# What you should do
Exact copies of the records below are needed, free of pictures.

BEGIN

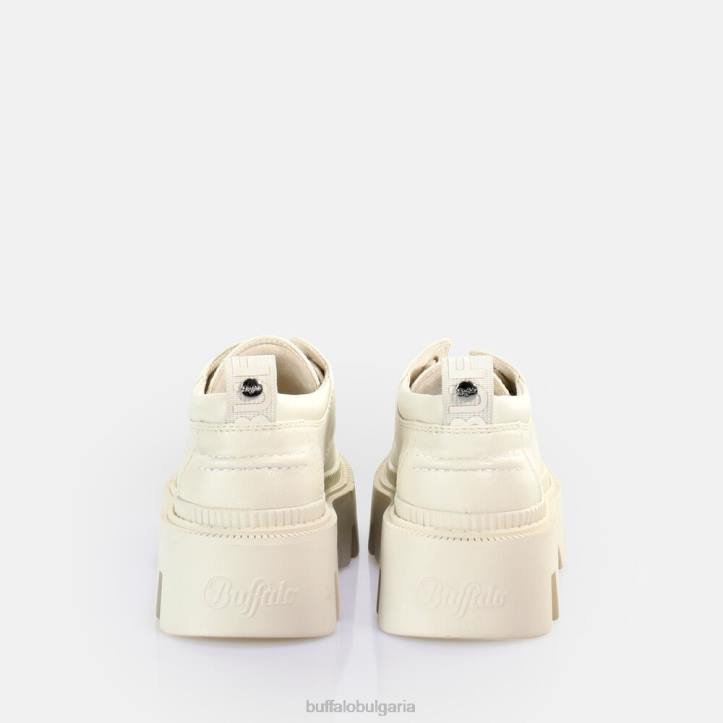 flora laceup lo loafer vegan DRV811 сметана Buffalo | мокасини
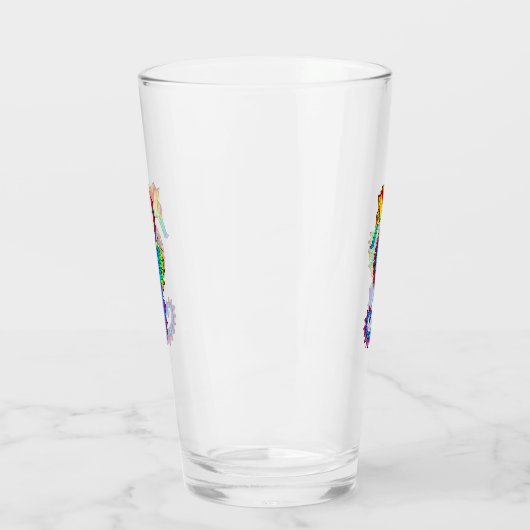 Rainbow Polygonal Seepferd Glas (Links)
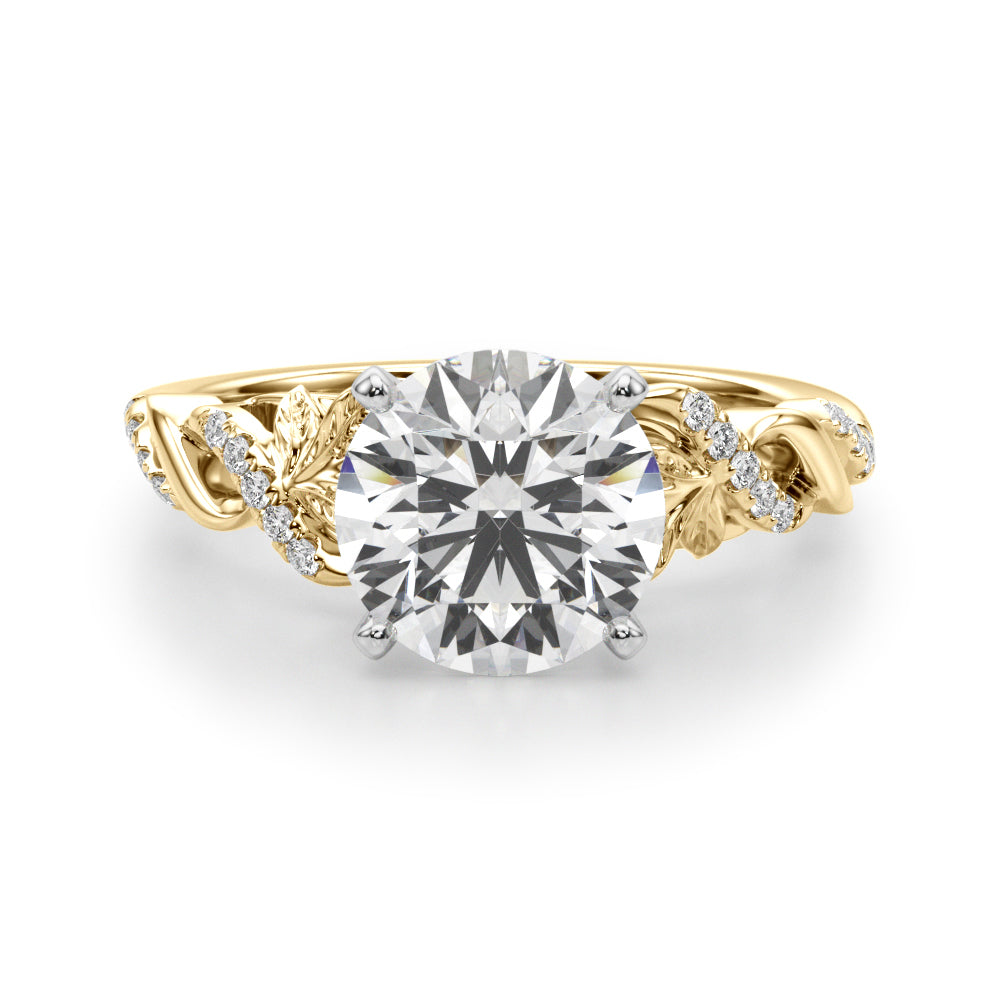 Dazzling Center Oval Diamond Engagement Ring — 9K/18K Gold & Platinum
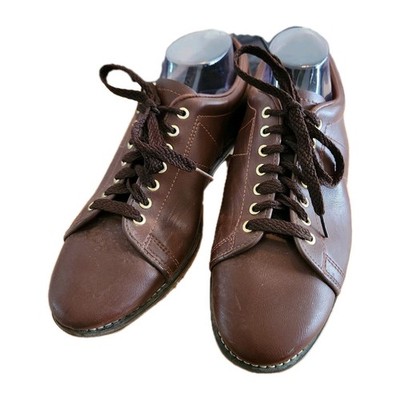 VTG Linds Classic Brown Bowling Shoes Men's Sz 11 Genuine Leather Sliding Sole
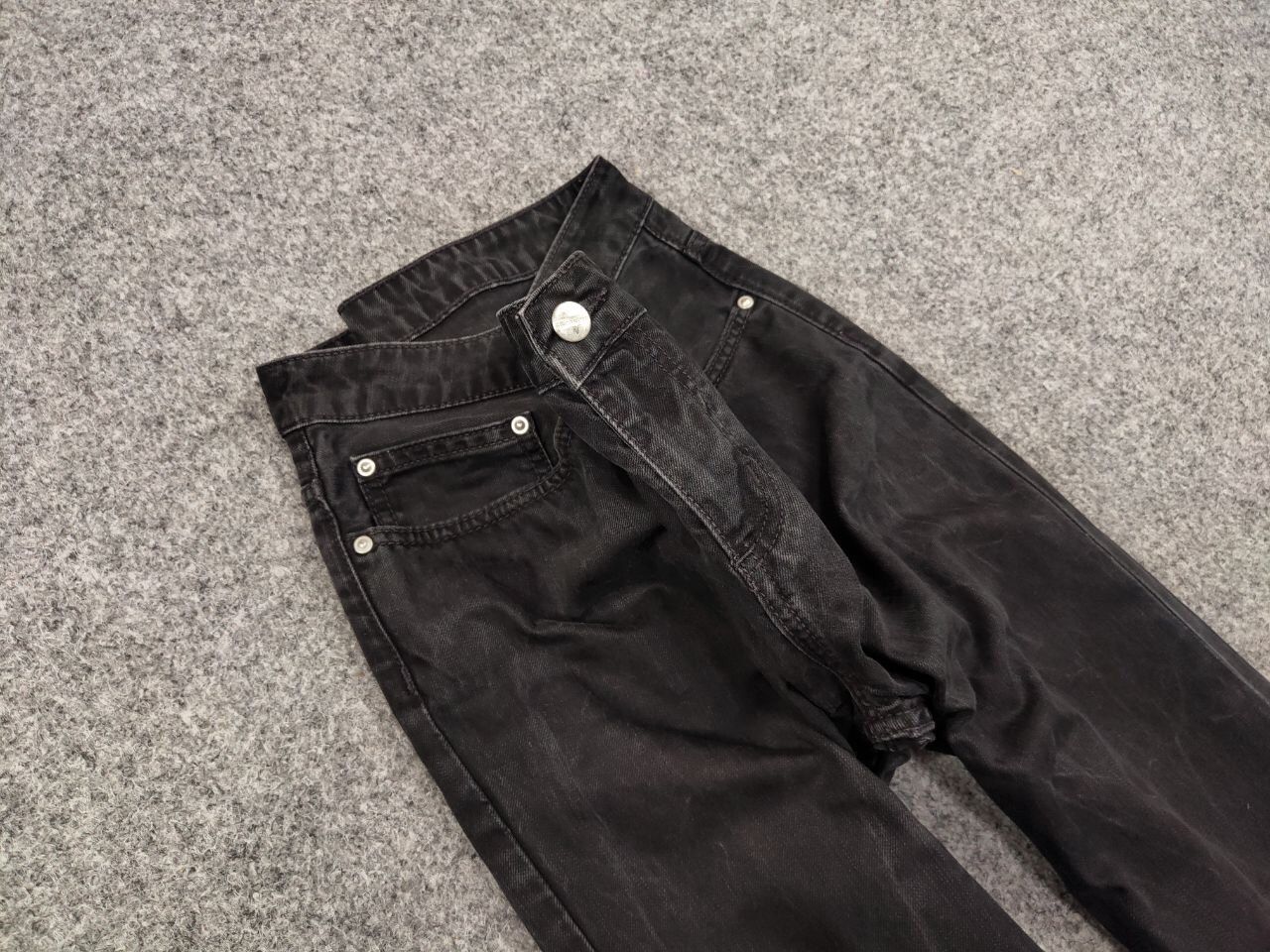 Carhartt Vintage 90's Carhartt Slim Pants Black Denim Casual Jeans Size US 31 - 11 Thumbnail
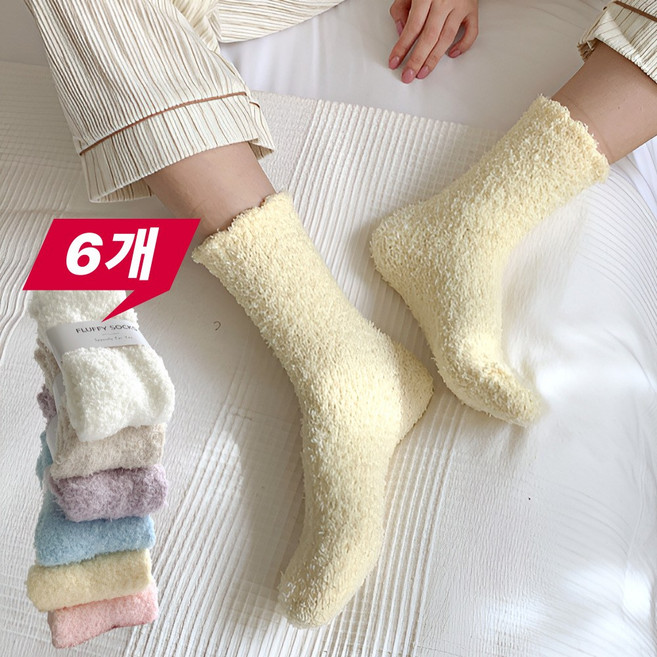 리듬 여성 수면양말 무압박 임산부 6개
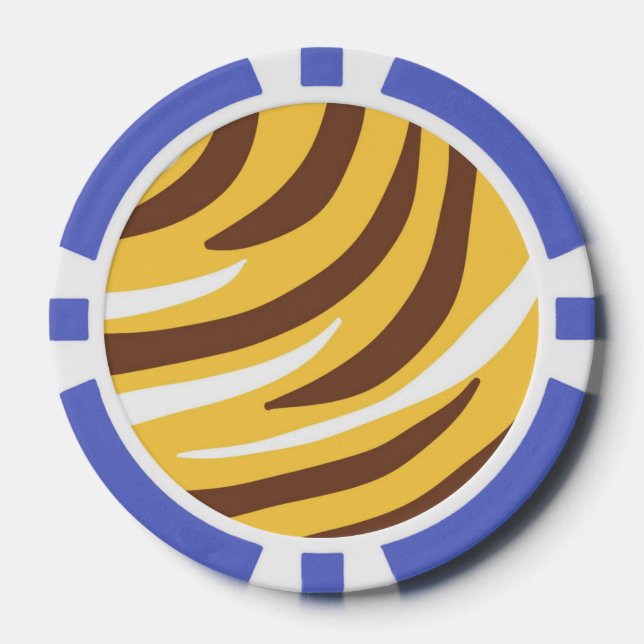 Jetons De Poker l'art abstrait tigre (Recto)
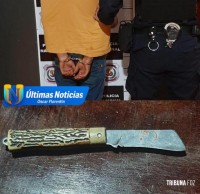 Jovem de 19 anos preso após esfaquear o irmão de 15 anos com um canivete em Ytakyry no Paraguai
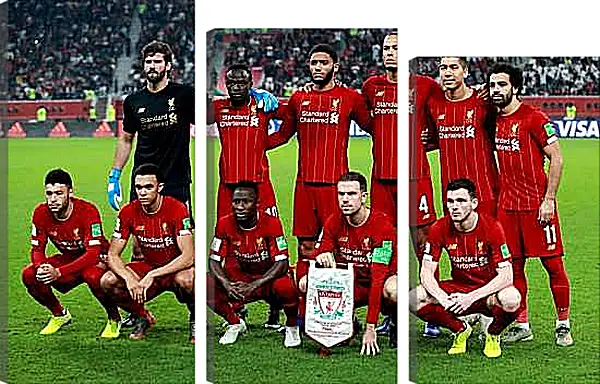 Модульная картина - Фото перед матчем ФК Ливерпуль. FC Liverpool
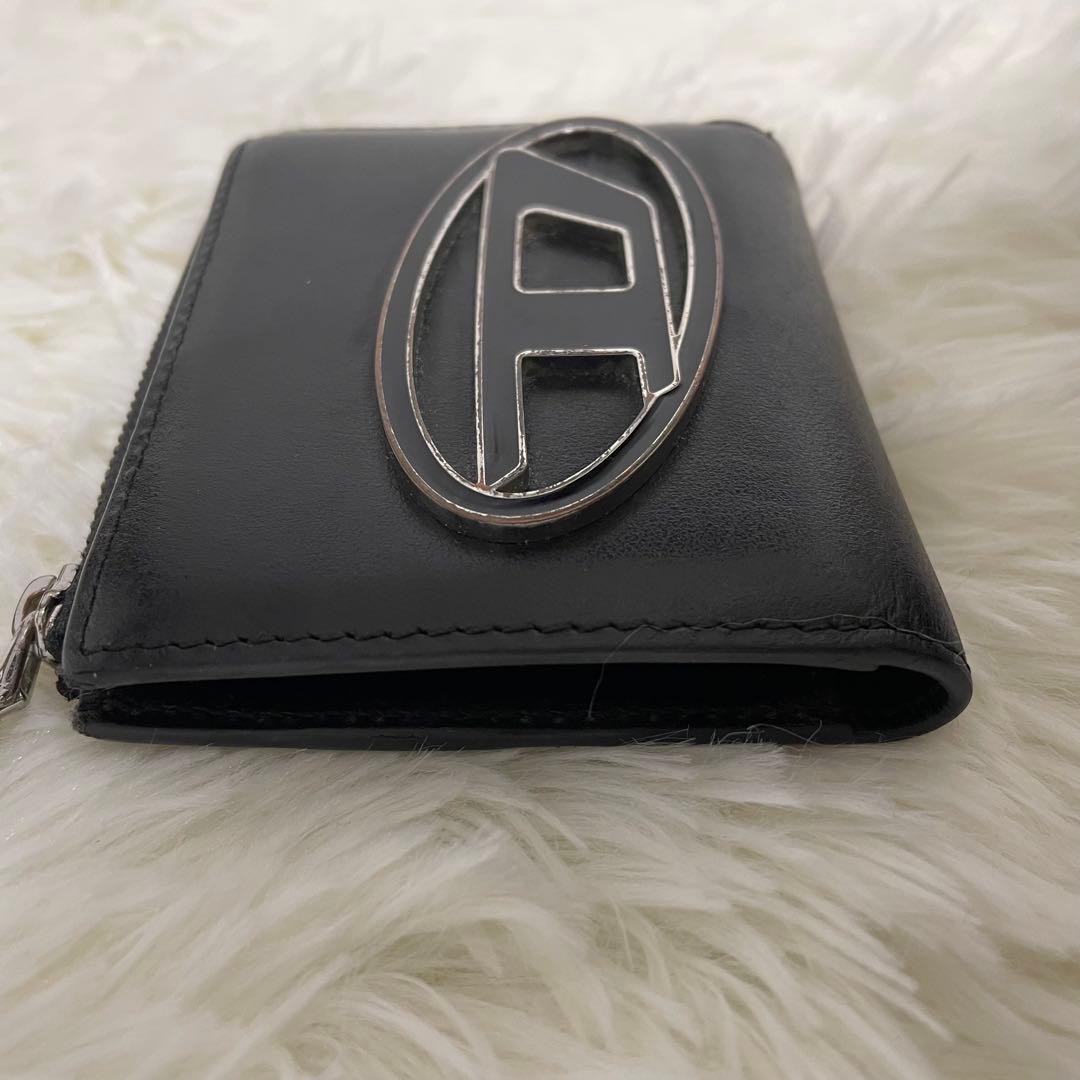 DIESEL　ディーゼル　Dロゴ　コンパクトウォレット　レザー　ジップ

END

# Task output
 flora laceup lo loafer vegan DRV811 сметана Buffalo | мокасини
 Rainbow Polygonal Seepferd Glas (Links)
 Dazzling Center Oval Diamond Engagement Ring — 9K/18K Gold & Platinum
 VTG Linds Classic Brown Bowling Shoes Men's Sz 11 Genuine Leather Sliding Sole
 Carhartt Vintage 90's Carhartt Slim Pants Black Denim Casual Jeans Size US 31 - 11 Thumbnail
 리듬 여성 수면양말 무압박 임산부 6개
 Jetons De Poker l'art abstrait tigre (Recto)
 Jovem de 19 anos preso após esfaquear o irmão de 15 anos com um canivete em Ytakyry no Paraguai
 Модульная картина - Фото перед матчем ФК Ливерпуль. FC Liverpool
 DIESEL　ディーゼル　Dロゴ　コンパクトウォレット　レザー　ジップ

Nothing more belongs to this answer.